EXERCISE DESCRIPTION
Extract every line between the one with "Floor plan for" and the end of the entries, both included, word for word and free of pictures.

---------- STORED DATA

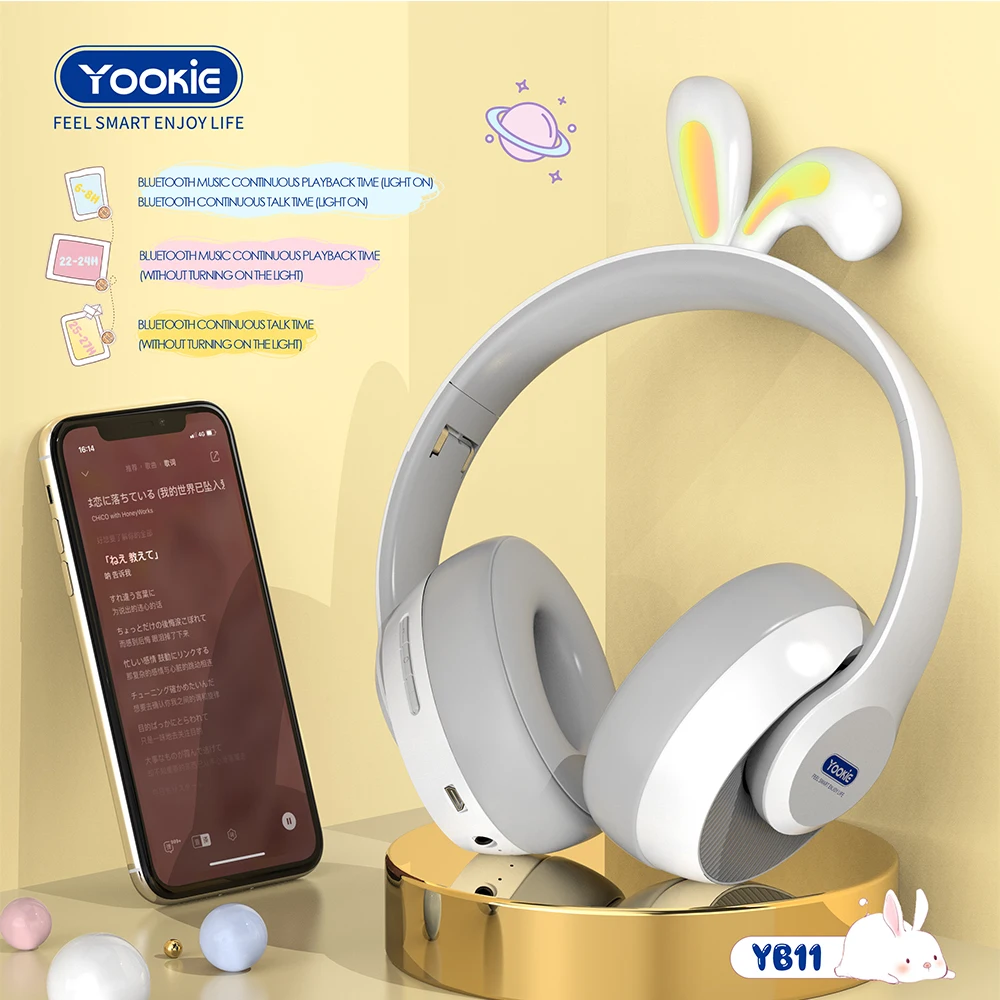 YB11 Led Colour Changing Kids Headset Macaron Over Head Children Headphone Rabbit Ear Shaped Bt Wireless Headphone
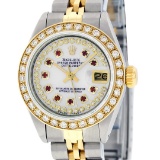 Rolex Ladies 2 Tone 14K MOP Ruby String Diamond Datejust Wristwatch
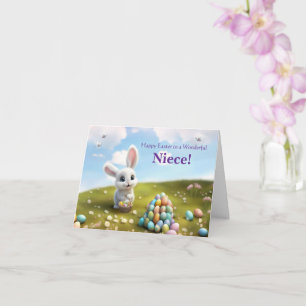 Niece Happy Easter with Bunny and Eggs Card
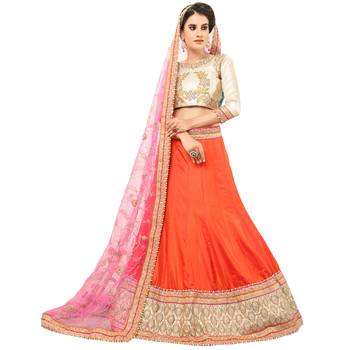 Orange Embroidered Silk Semi Stitched Lehenga With Dupatta 1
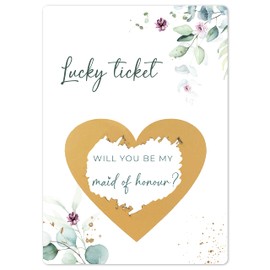 Jolicoon Will you be my maid of honour scratch card - Maid of honour proposal card
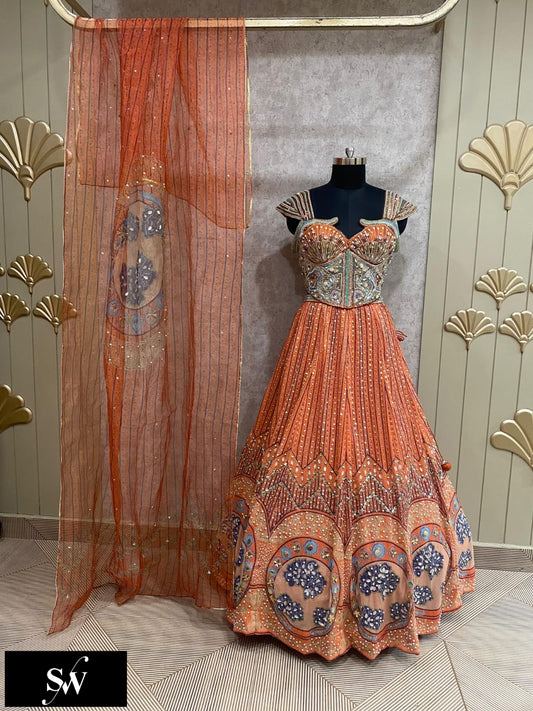 Orange Peach Crop Top Lehenga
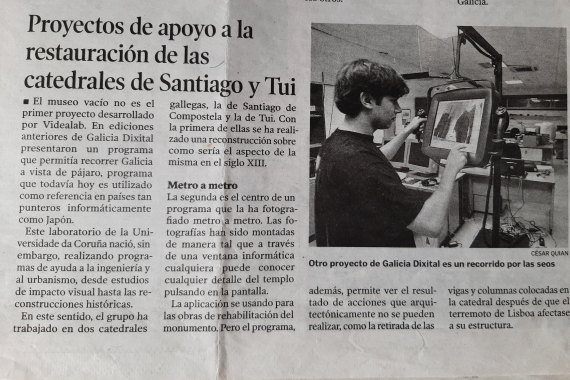 Proyectos de apoyo a la restauración de las catedrales de Santiago y Tui, scan of the page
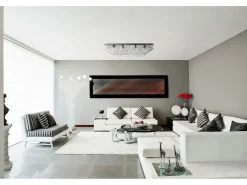 Searchlight Hanna 8 Light Flush Ceiling Light Chrome med Kristalldekoration, G9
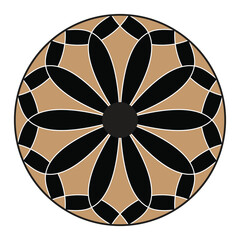 Black flower ornamental pattern vector design. 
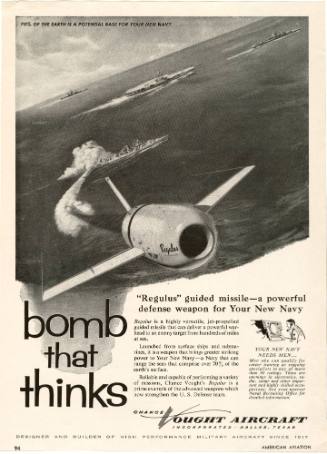 Black and white printed advertisement that reads "Bomb that thinks" and has a drawing of the Re…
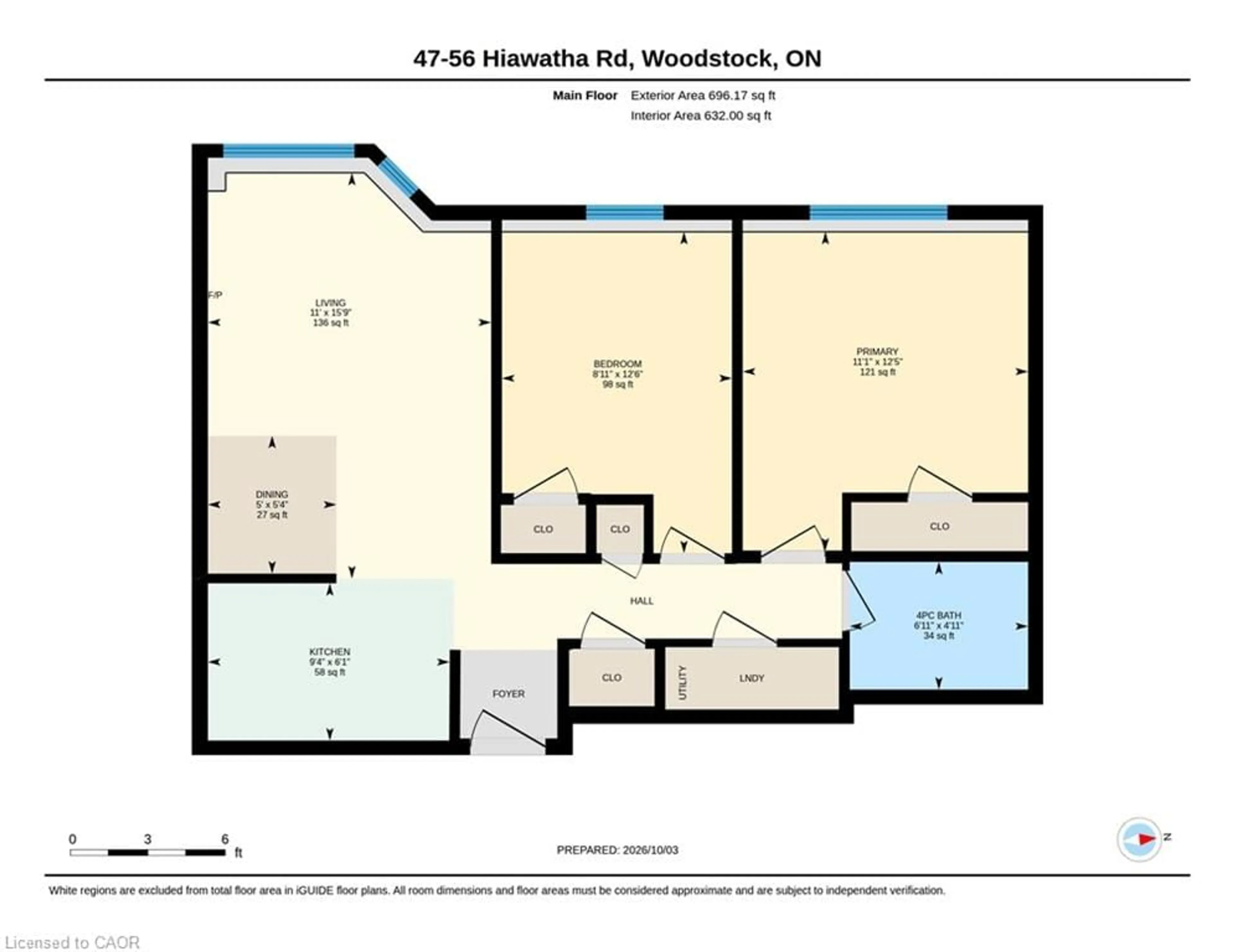 Floor plan for 56 Hiawatha Rd #47, Woodstock Ontario N4T 1P2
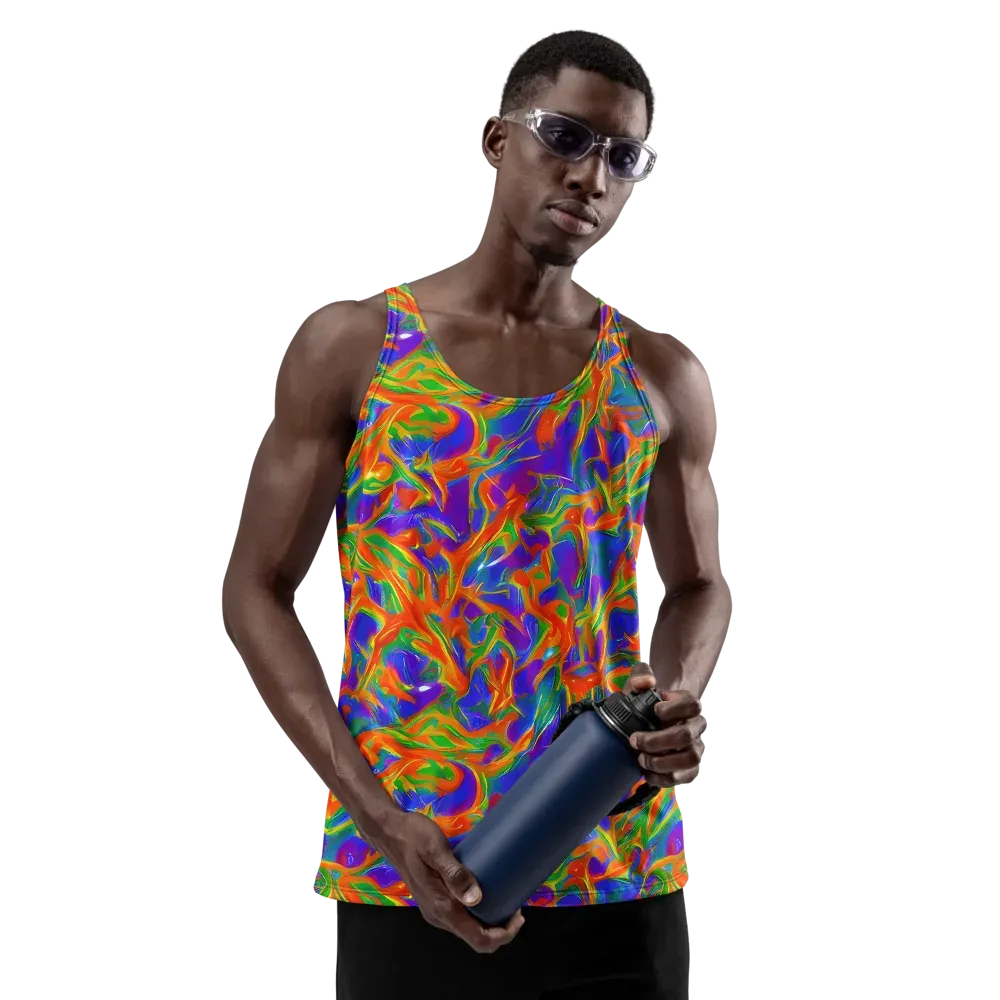 Blue Ember Ribbons on Men's Tank Top — Front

--------------------

RESPONSE AREA
 Floor plan for 56 Hiawatha Rd #47, Woodstock Ontario N4T 1P2
 Blue Ember Ribbons on Men's Tank Top — Front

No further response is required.